I found interesting article in the old soviet photography magazine (Soviet Photo №1, 1934, p.30); it is about Leica and its virtues. In English --

http://emirco.blogspot.com/2013/02/dont-fancy-leica.html

couple of quotes:
...Leica” has flaws: even in the hands of most experienced masters it does not yield depth, conceals distance, and kills subtle nuances of light...
...Another common drawback: working with “Leica” will “undermine the creative discipline”, so to speak, corrupting the photography worker...

Read if you like old weird stuff; do not forget to take some vodka in a process, it helps.

Cheers!
Emir
 
thanks for sharing...
i find it interesting that the same arguments
are used in the modern context in new vs old,
film vs digital discussions...hahaha

"Another common drawback: working with “Leica” will “undermine the creative discipline”, so to speak, corrupting the photography worker. "Leica" provides an opportunity to make a lot of shots in the short time. Undisciplined, nutty shooter, using this quality of “Leica”, stops thinking of the composition, loses himself, begins clicking at random, stretching luck – “let’s shoot many” – he thinks, – “should be something good to choose from later”. Random frames are rarely come up good and photographer not only stops in his personal growth, but easily rolls back."
 
The article is actually thoughtful and reasonably well written, probably more balanced than many contemporary reviews. It's funny to see that Leica, and the 35mm format in general, was viewed as the modern, quick-and-dirty technology supplanting the superior but big-and-slow larger formats, leading to indiscriminant picture snapping. Exactly what us contemporary Leica and film sniffers say about digital. When we have full waking-hours retinal real-time image capture we'll probably say the same thing about the good old digital camera days.
 
Imagine doing street photography in 1938 Moscow... Soviet Union made some of the most visually stunning movies in history of films, so they knew a thing or two about photography.
 
Hi,

A lot of American and British magazines of the period ran articles along these lines ie "Glass Whole Plate Good" and "35mm Bad" and some still do.

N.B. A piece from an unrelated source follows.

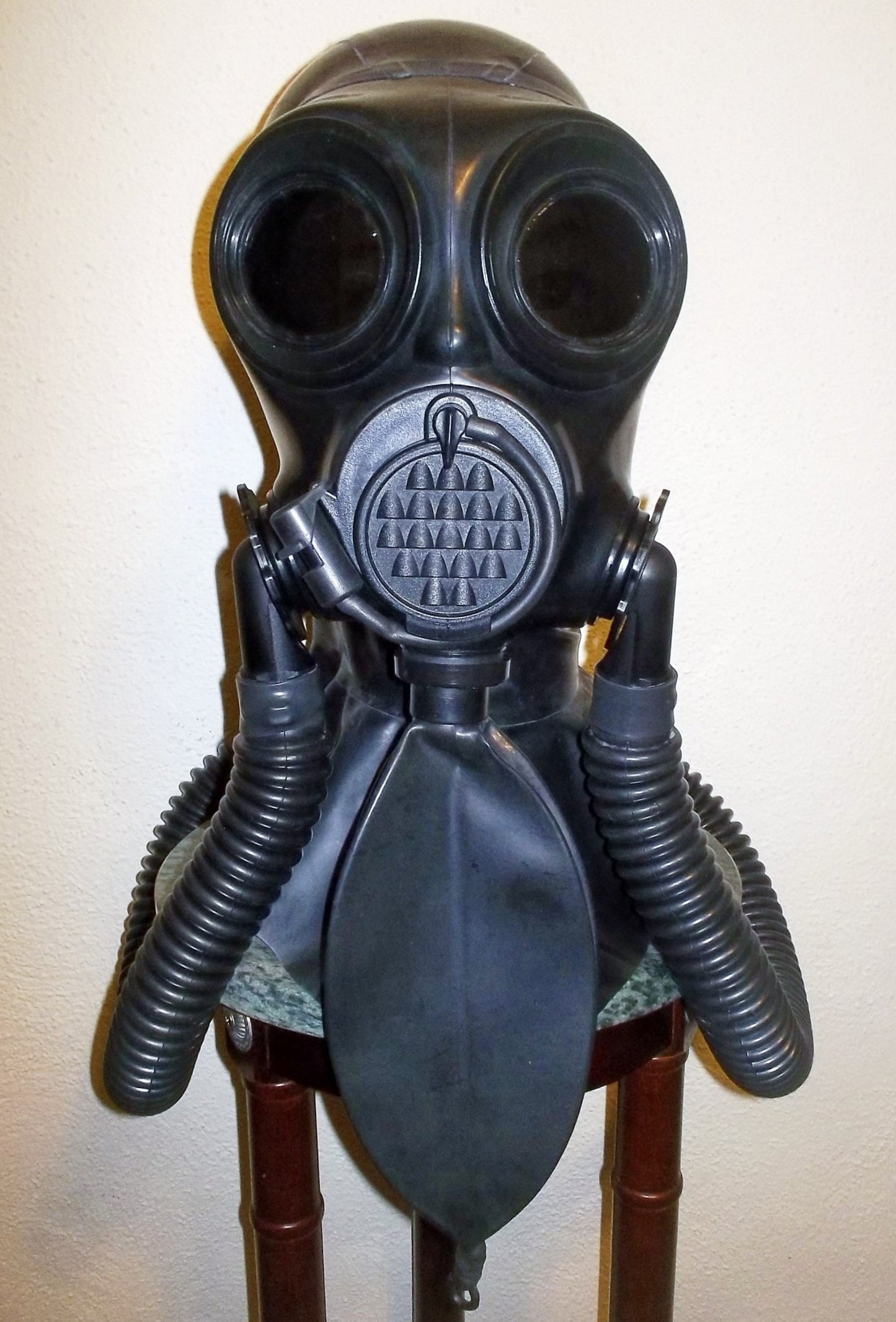 Fetish HEAVY RUBBER Gas Mask LATEX HOOD with Dark Lenses, Twin Hoses and Rebreather Bag by FANTOMAS & Co.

There might even be one or two on these forums, lurking somewhere.

And during the war a few articles appeared in the USSR along the lines of the "Spitfire is OK but... ".

Regards, David
 
C'mon people, catch a clue! I'm sorry, that 35mm "miniature format" will never amount to anything.

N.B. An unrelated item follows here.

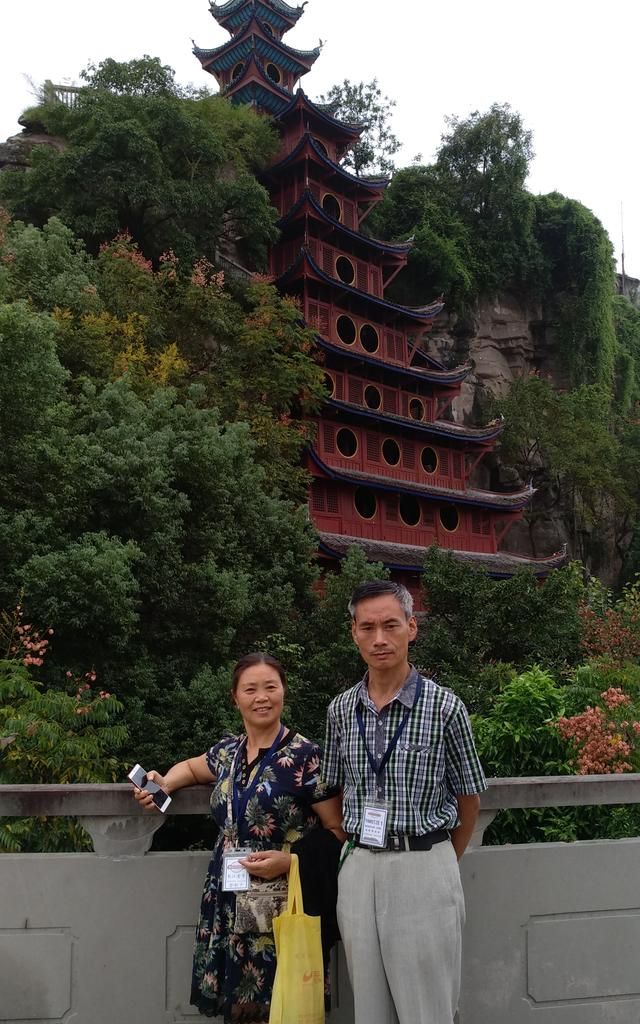 老人旅游，是夫妻两人好还是一群志同道合的朋友一起旅行好图10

I'm ashamed to admit that I'm old enough to remember hearing that from the old timers even when I was getting started in the late '60s and early '70s.
 
That part catched me :)

C'mon people, catch a clue! I'm sorry, that 35mm "miniature format" will never amount to anything.

I'm ashamed to admit that I'm old enough to remember hearing that from the old timers even when I was getting started in the late '60s and early '70s.
 
Hi,

We ought to do a list; it probably started with whole plate versus half plate (but I've my doubts about APS versus 110).

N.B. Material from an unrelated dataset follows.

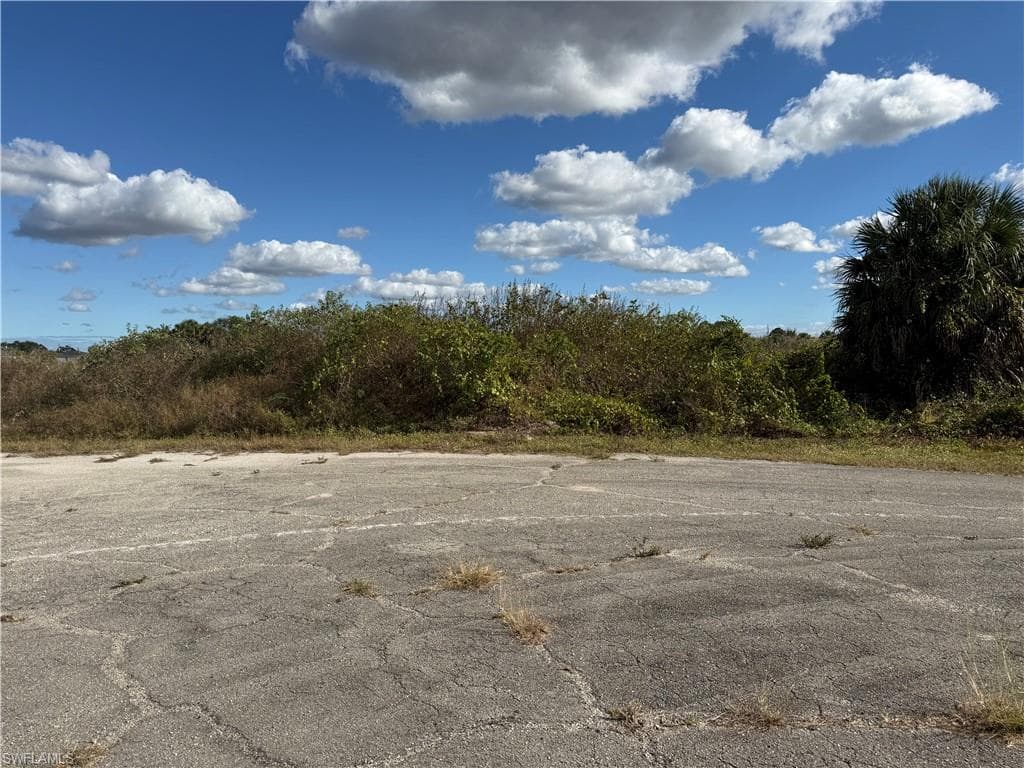 7024 Hero CT LABELLE, FL 33935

And AF vs. RF vs. Manual Focus; manual settings vs P mode; S mode vs A mode; ortho vs. panchromatic; tripod vs. monopod; kick starts vs electric starters; clay pipes vs briars; metal vs. plastic; M6 vs. M7 and so and so on....

Regards, David
 
I think earliest was photography vs painting in early photography years and it actually was very, very heated discussion
 
Hi,

We ought to do a list; it probably started with whole plate versus half plate (but I've my doubts about APS versus 110).

And AF vs. RF vs. Manual Focus; manual settings vs P mode; S mode vs A mode; ortho vs. panchromatic; tripod vs. monopod; kick starts vs electric starters; clay pipes vs briars; metal vs. plastic; M6 vs. M7 and so and so on....

Regards, David

And REAL Jeeps have ROUND headlights. <chuckle>

Ok, maybe you need to have been in the Jeep world before the 1980s to appreciate that one.